Submitted by Colin Campbell on

Thank you for posting this thoughtful article. Many are concerned and want to help out. Learning more of the perspective on a Global scale is helpful. Thanks again.

Submitted by Robert Johnston on

Knowledge transfer through the medium of Aid from Donor to Recipient countries can be a winning combination for all participants.A type of philanthropic, commercial approach that trains,educates and exports, contributing to deliverers and recipient country Treasuries- between developing and developed countries.Communication and Feedback are necessary component parts.Remember that, when,by your decision to respond(or not) , you are in a position to make a difference !

Submitted by K. Turner-President MIBA Group on

We thank you for your efforts to truly make a difference in Developing Nations of the world. Please continue to inform us, who like you seek solutions to a very old problem from the colonisation era.

Tell us how we can help!

All the Best to you and your teams.

Submitted by Edy Greenblatt, Ph.D. on

Thank you, Dr. Kim for the important blog that helps us focus on larger issues aswe all do the best we can in our own personal and professional worlds. Please let us know what individuals and organizations can do to support the Human Capital Project and the problems that it seeks to remedy.

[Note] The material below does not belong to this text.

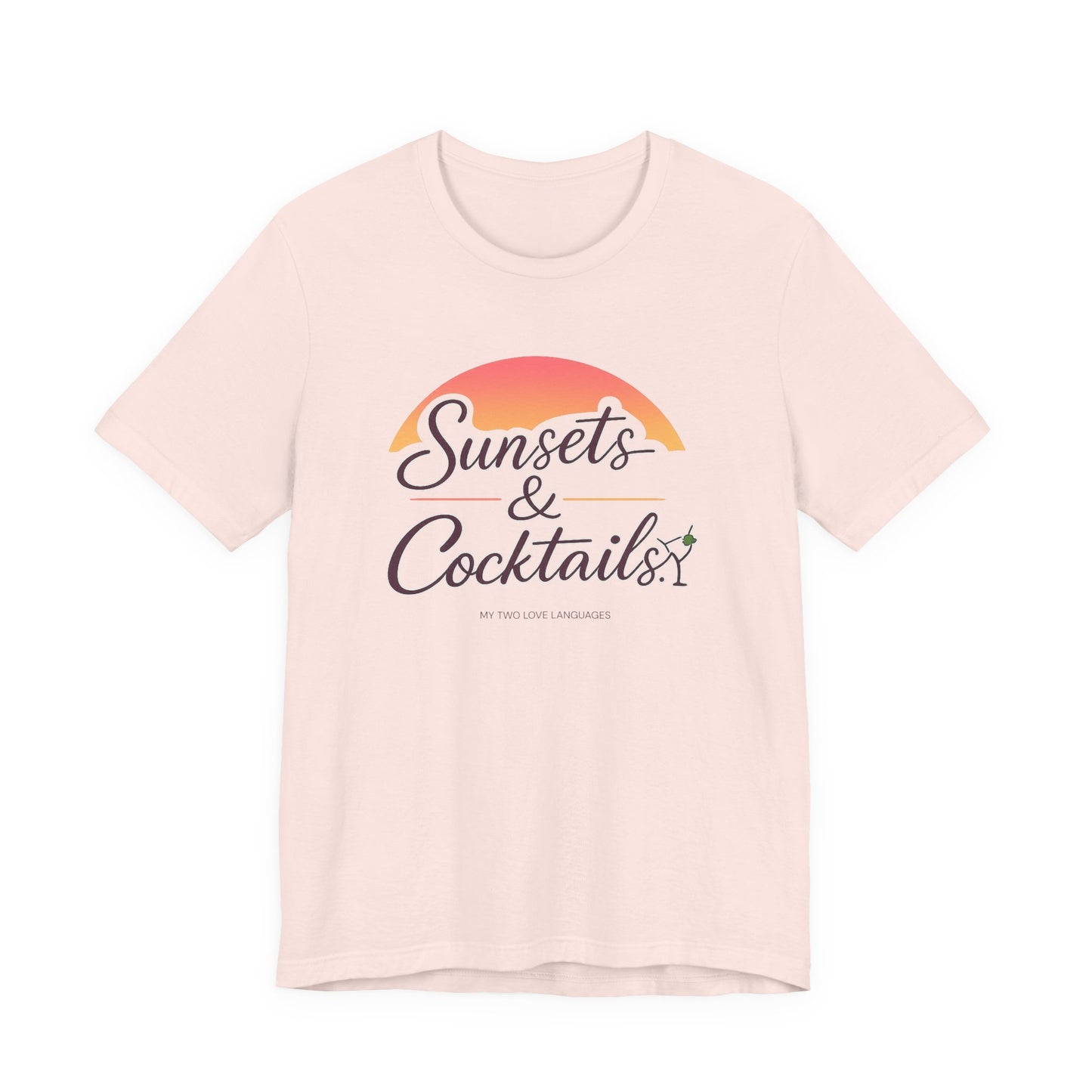 Sunsets and Cocktails Tee | Beach Cocktail Shirt | Girls Trip Tee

Submitted by Nancy Avila on

Thank you for the interesting perspective, particularly the perspective about the future employment.
While that may be true that 65% of primary students today will work in jobs, or fields that do not exist, creativity and the fundamental cored knowledge such as STEM are (still) the keys to managing and, or, unlocking tomorrow knowledge, job skills, and employment opportunities. From my perspective, our world is a dynamic environment. Proactive innovation wisdom is an effective way to guide a country with her quest to prep for Human Capital to compete at the global level. In other words, it is a pro-active approach that will matter; that will offer time to market delivery (Human Capital).
Frankly, attacking the goals of ending extreme poverty and boosting shared prosperity involving a lot more factors than just addressing the educational piece of the contributing factors. Equally important to knowledge, skill sets that people should possess, a logical and sound mind is the additional importance. Clearly, as a "collected" one, we can try to change, to make the difference, the unfortunate facts remain, not all things are created equal ie, geographical conditions, natural resources, people's mindset, etc. So, the thought that we can bridge the gap, making the global market system work for everyone by investing the right resources in the people, with the sense of urgency to the relevant crisis requires will remain to be seen in an extremely distant future :(

Submitted by Chandra on

Technology has grown and billions of people are connected. We should use the same technology to bring education to children in developing nations. Use giants like Microsoft, IBM, HP to deliver. I am sure the funding will pour in for the initiative.

Submitted by Javaris Herndon on

The time is truly now for heightened urgency and intent on more efficacious investment in education and health. Far too many are focused more on economic growth than building their human capital, and likely over time the prevalent discrepancies will hinder longevity of overall growth for some.

Submitted by Veronica Melgar on

Unfortunately, the economy in some countries will never get better to invest in their people. In reality, by the time they have money, the head of state will be out of power, and the money will be gone as well!!!

Submitted by Bill on

Sure, Investments in Education and Healthcare will change our world!
Uganda should be at the fore front in changing the Education system!